Aim of the exercise: Transcribe, starting at the line with "Stainless Steel 56mm" and ending at the line with "Sweter damski z", every line of the material below exactly, but leave out the pictures and anything outside that span.

Input:
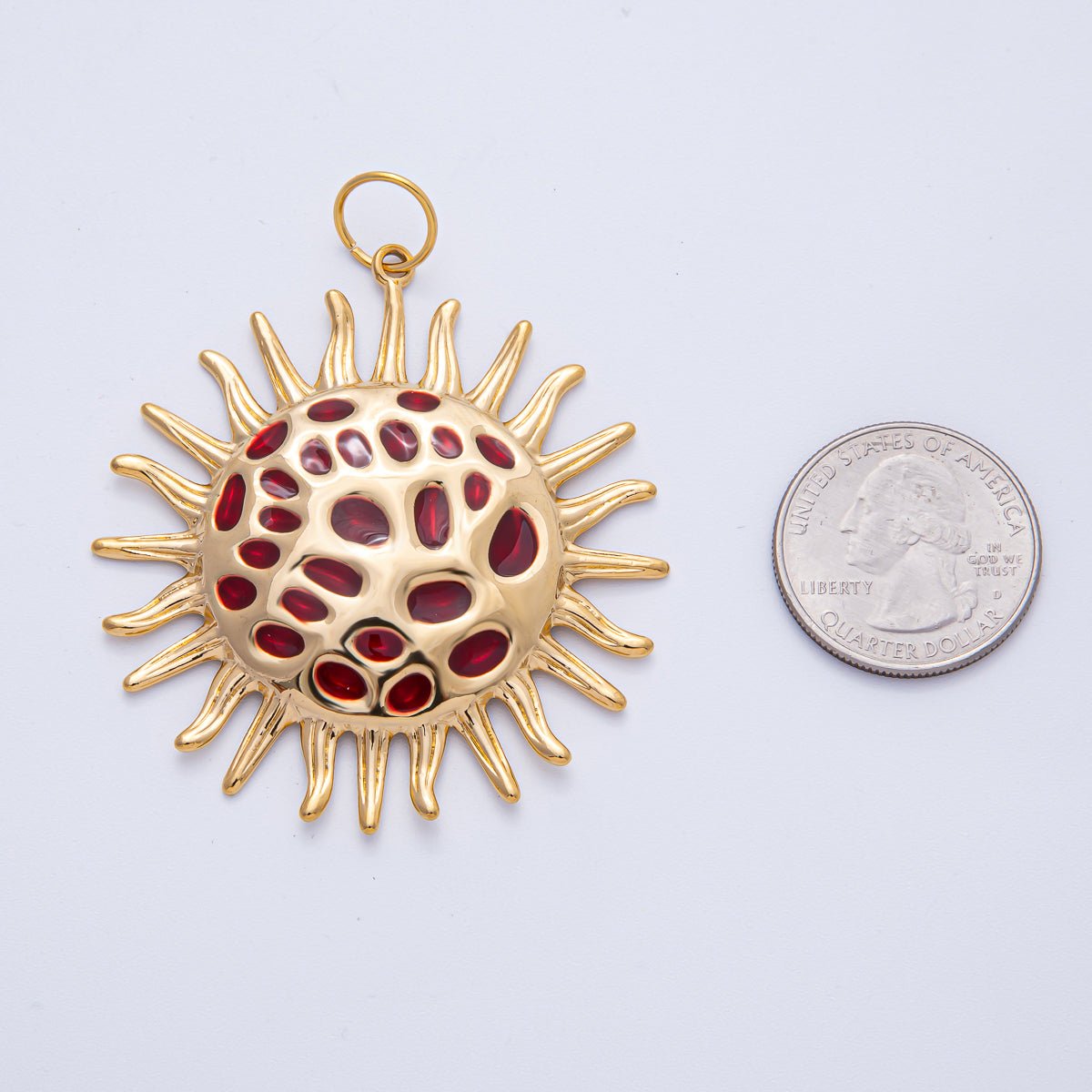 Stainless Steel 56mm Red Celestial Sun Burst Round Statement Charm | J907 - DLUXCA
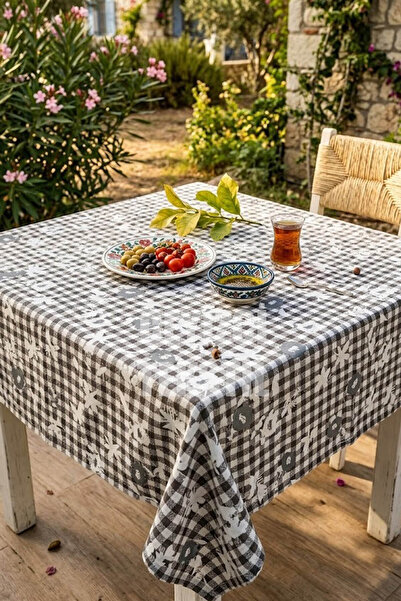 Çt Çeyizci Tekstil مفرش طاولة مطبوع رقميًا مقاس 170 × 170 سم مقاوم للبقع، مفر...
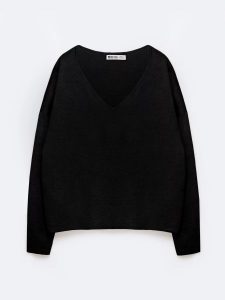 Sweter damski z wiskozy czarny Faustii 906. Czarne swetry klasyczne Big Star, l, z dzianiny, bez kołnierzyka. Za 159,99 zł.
...
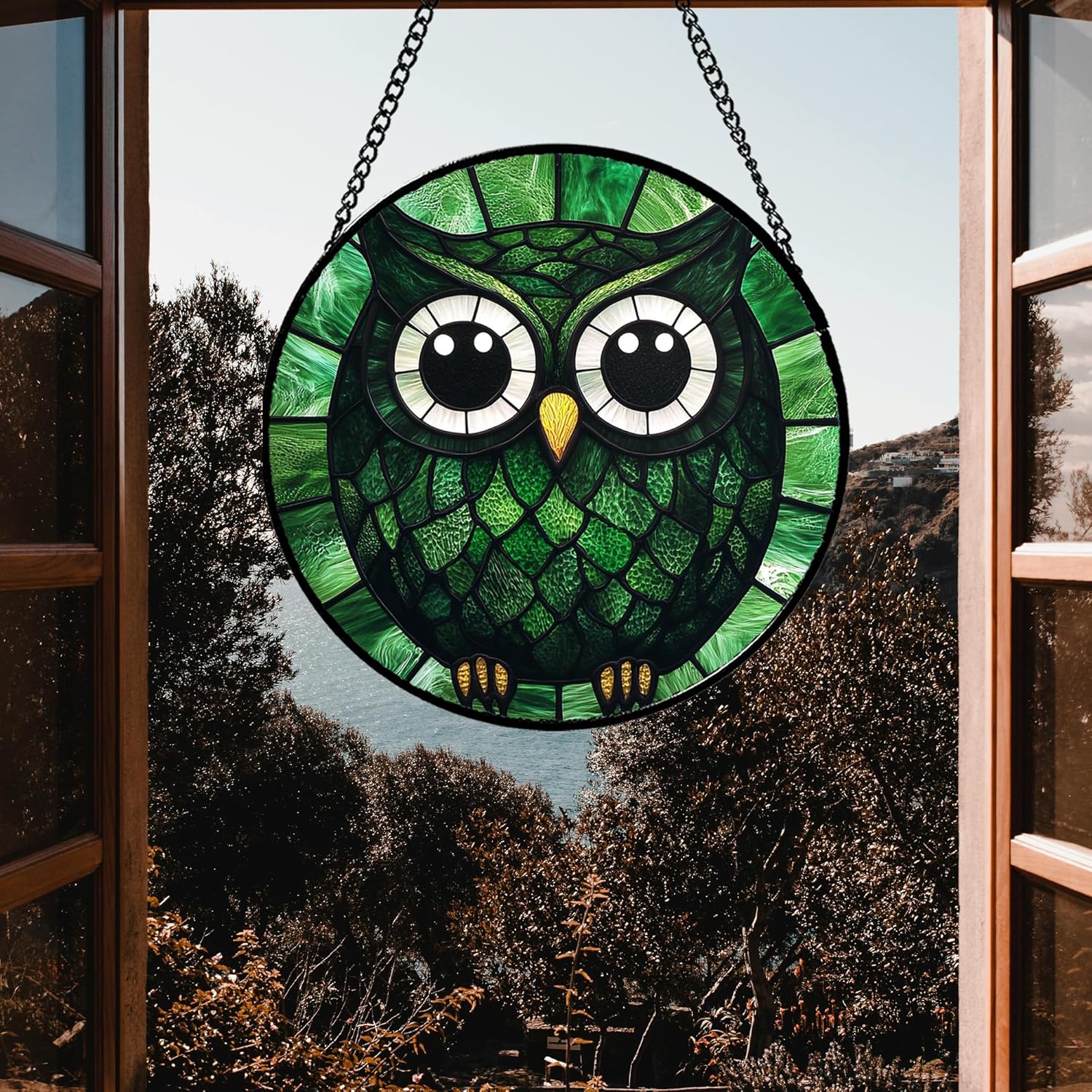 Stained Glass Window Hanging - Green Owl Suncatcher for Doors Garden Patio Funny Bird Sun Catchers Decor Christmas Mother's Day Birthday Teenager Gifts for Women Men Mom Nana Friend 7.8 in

Result for this exercise:
 Stainless Steel 56mm Red Celestial Sun Burst Round Statement Charm | J907 - DLUXCA
 Çt Çeyizci Tekstil مفرش طاولة مطبوع رقميًا مقاس 170 × 170 سم مقاوم للبقع، مفر...
 Sweter damski z wiskozy czarny Faustii 906. Czarne swetry klasyczne Big Star, l, z dzianiny, bez kołnierzyka. Za 159,99 zł.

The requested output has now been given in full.